今回は、遺産分割協議のために相続人の「代理人」が必要なケースについて解説します。※本連載では、税理士・内田麻由子氏監修『図解 いちばん親切な相続税の本 16-17年版』(ナツメ社)の中から一部を抜粋し、相続の中でも特に問題になりやすい「遺産分割」の基本を解説していきます。

法定相続人の中に「未成年者」がいる場合は・・・

遺産分割協議では相続人全員の同意が必要となるのですが、遺産分割協議が法律行為にあたるため、未成年者(満20歳未満)が参加することはできません。法定相続人の中に未成年者がいる場合には、代理人を立てることが求められます。

 

通常、未成年者の代理人は、その親(親権者)が務めます。ところが、親も相続人となっているようなケースでは、親子は利益相反の関係にあるため、別の誰かに代理人となってもらうことが必要です。

 

未成年者の代理人は親権者が勝手に決められるものではなく、家庭裁判所に特別代理人を選定してもらわなければなりません。この申し立てができるのは、親権者と利害関係者のみです。

判断能力が低下している相続人を守る「成年後見制度」

相続人が認知症や知的障害・精神障害などによって合理的な思考や判断ができなくなっている場合にも代理人が必要です。

 

このような状態の相続人の権利や利益を守るために設けられたしくみに成年後見制度があります。
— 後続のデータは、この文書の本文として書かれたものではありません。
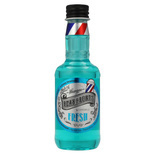 Beardburys Fresh szampon odświeżający z tymiankiem do włosów 100 ml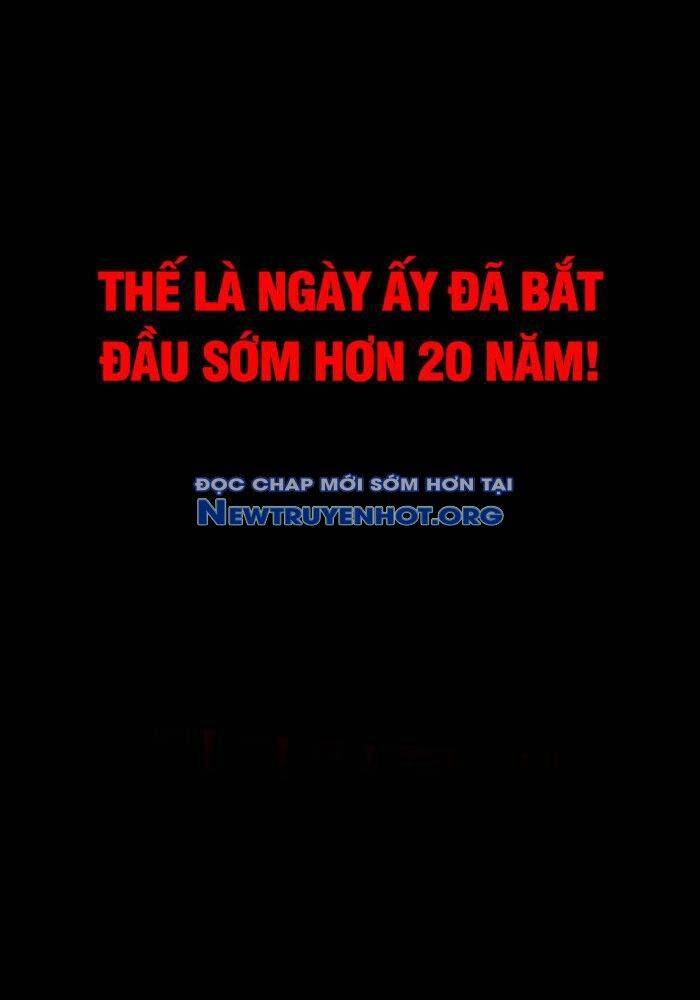 Lý Do Tôi Rời Bỏ Quỷ Vương: Chapter 71
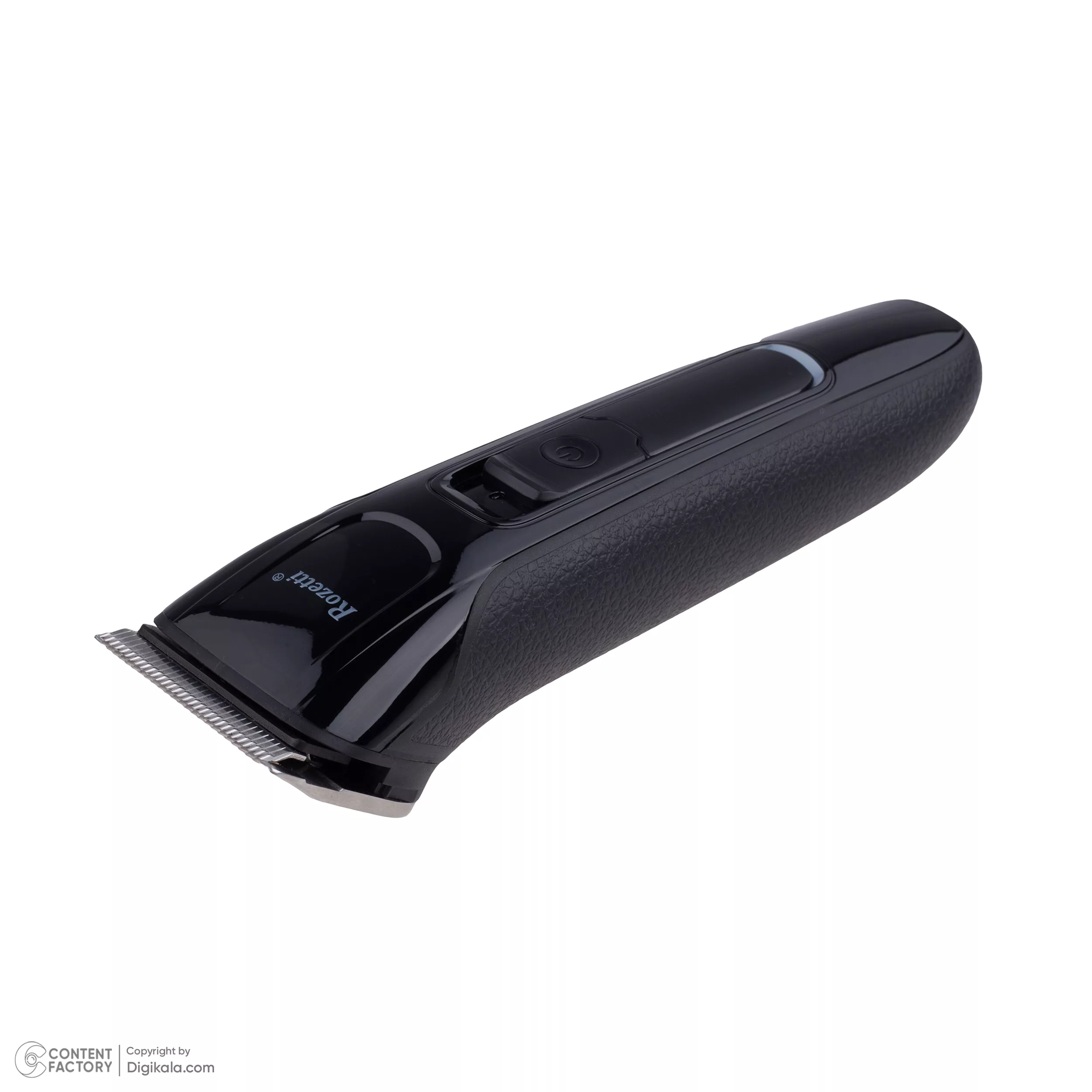 ماشین اصلاح موی سر و صورت رزتی مدل 4050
この制度に基づき、判断能力が低下している相続人の代わりに協議に参加し、相続後も財産管理や契約を継続して行っていく人を成年後見人として選任します。

 

成年後見制度は、相続人本人にまだ判断能力があるうちに自分の意思で任意の人を選ぶ「任意後見人」と、配偶者や親族などの申し立てによって家庭裁判所に選任してもらう「法定後見人」の2つに分けられます。相続人の親族の中に後見人として適当な人がいない場合には、法律や福祉の専門家が選任されることも多いようです。

 

なお、家庭裁判所で未成年者の代理人や認知症の人の後見人を選任する手続きには、とても時間がかかります。

 

そのため、相続人の中に未成年者や認知症の人がいる場合には、遺言書をつくっておくことをおすすめします。遺言書があれば、遺産分割協議のためにわざわざ代理人・後見人を選任する手続きは不要になるからです。

 

【Point】

未成年者や認知症患者など、合理的な判断ができない相続人がいる場合は、代理人を立てる必要があります。

 

ココを押さえる!

□未成年の相続人は遺産分割協議に参加できないため、法定代理人または特別代理人を選任する。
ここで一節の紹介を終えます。